Closer Than We Think
“What is keeping you from contacting someone who’s 22 in an Arab country?” I remember hearing Anne Siddiquie, the 24-year old curator at the Museum of Islamic and Muslim Culture in Jackson, Mississppi, say last fall. “I think it’s partially not understanding the need or importance of communicating with people from another country-and just not caring.”
It sounded like a rhetorical challenge, but one worth exploring – if for nothing more than a chance to test and play with exciting innovations on the Internet. So after 36 seconds of Googling, I discovered SaudiJeans, a blog written by a 22-year-old King Saud University student named Ahmed Al-Omran. His pragmatic observations of global political order and social commentary on McDonalds adaptation to Saudi culture in a blog post titled “Do Not Supersize Me” were both impressive.
The author photo revealed a slender, brown-skinned face with Starbucks barista-like glasses that gave the impression of a ruddy intern at a D.C. think tank. Not the image I would have drawn from the mainstream media. A turban-wearing fundamentalist holding an AK-47 would have felt more appropriate.

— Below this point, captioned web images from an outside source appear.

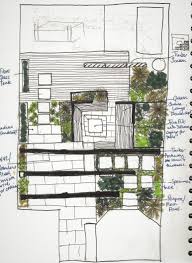 Garden Design And Build Services In Essex Garden Design Landscape Plans Backyard Garden Design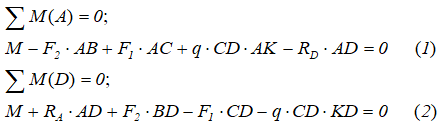 Уравнения равновесия балки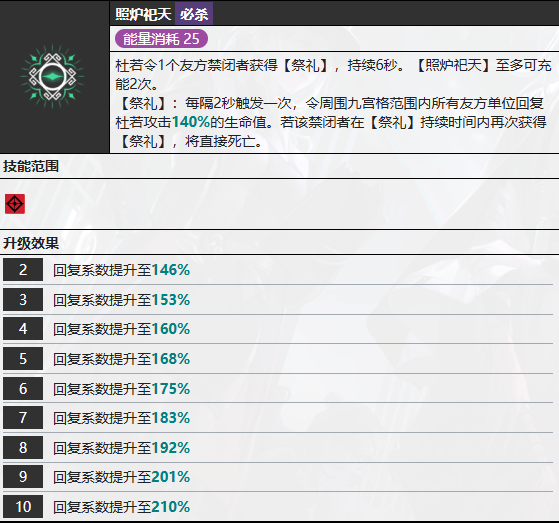 2024《无期迷途》杜若技能介绍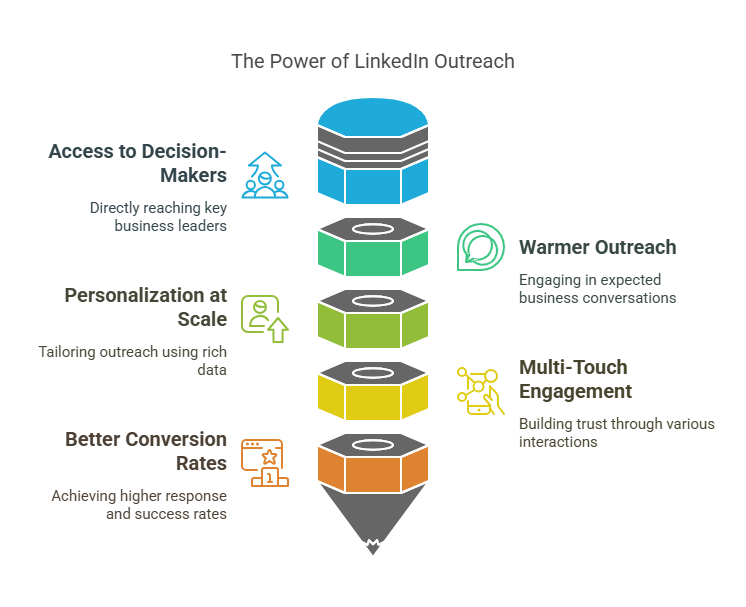 Linkedin Outreach power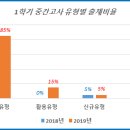 잠일고등학교 이미지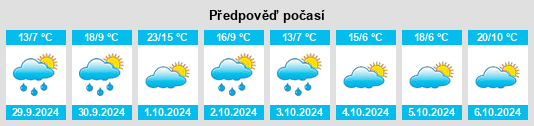 Weather outlook for the place Plochingen na WeatherSunshine.com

I was reading his blog, clicking through pictures of Riyadh, and getting a sense of his opinions and thoughts on Muslim young adult life in Saudi Arabia – all while sitting in my dorm at Boston College. That night I sent him an email.
By the next morning Al-Omran had responded with answers to most of my questions. “I don’t think America can win the World Cup, not in the near future anyway.” He wrote. “The interest in football, or as you might call it soccer, is much less in America than almost any other part of the world, which is, from my point of view, a weird thing actually.”

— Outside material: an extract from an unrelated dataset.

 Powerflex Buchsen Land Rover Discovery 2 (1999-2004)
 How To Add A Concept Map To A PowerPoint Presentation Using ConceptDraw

It became hard to imagine the more than 7,500 miles separating us, or the Clash of Civilizations ideology that was supposed to be separating us. They didn’t seem to exist. His idealistic life visions (he’s the founder of an Arab blogging community hoping to offer the world a better view on what’s really happening in Saudi Arabia and the Middle East) and a general uneasiness about the future implications of a cultural misunderstanding between Americans and Muslims (more terrorism) – gave the impression of a liberal American university student.
He didn’t feel like the “enemy.” But maybe that’s because I recognized, as he said, that communicating online could “help us to understand each other in order to build relations that are stronger and healthier based on common interests and not on the difference of (ideological) forces.”

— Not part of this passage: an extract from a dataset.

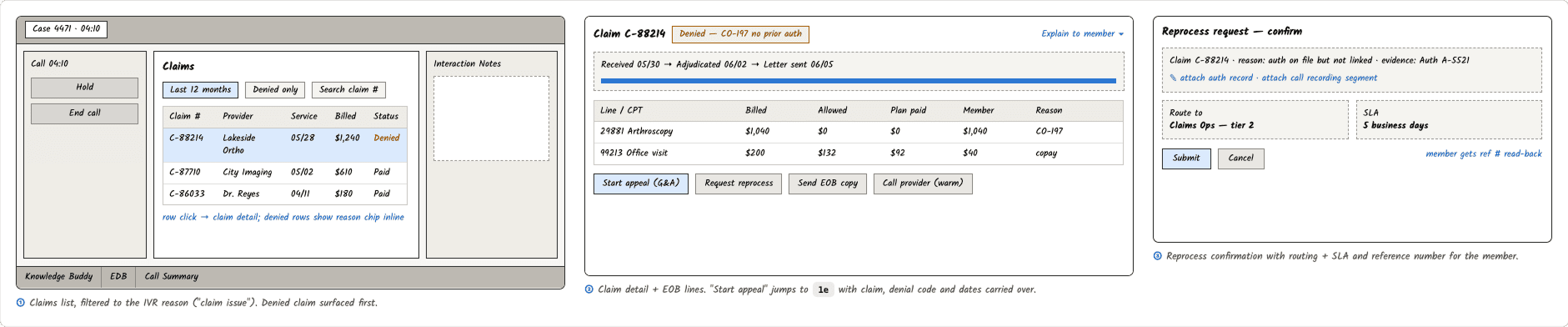 Lo-fi wireframe strip for claim status and dispute — claims filtered to the call reason with the denial surfaced first, claim and EOB detail, and the guided reprocess confirmation with routing, SLA and reference number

Al-Omran speaks and writes perfect English. If he didn’t, our cross-continental communication would have been impossible. But even three years ago our conversation may not have happened at all. Talk to most Americans today and they might still think it’s impossible to communicate with people one-on-one in the Arab world – and that’s wrong.
“I read some blogs by Americans,” Al-Omran says. “Reading such blogs alters my view on Americans as a whole and gives me a better understanding of American politics.”
I paused to acknowledge Al-Omran’s global perspective. The revelation was inspiring: If he could explore a new culture over the Internet, what’s holding us back?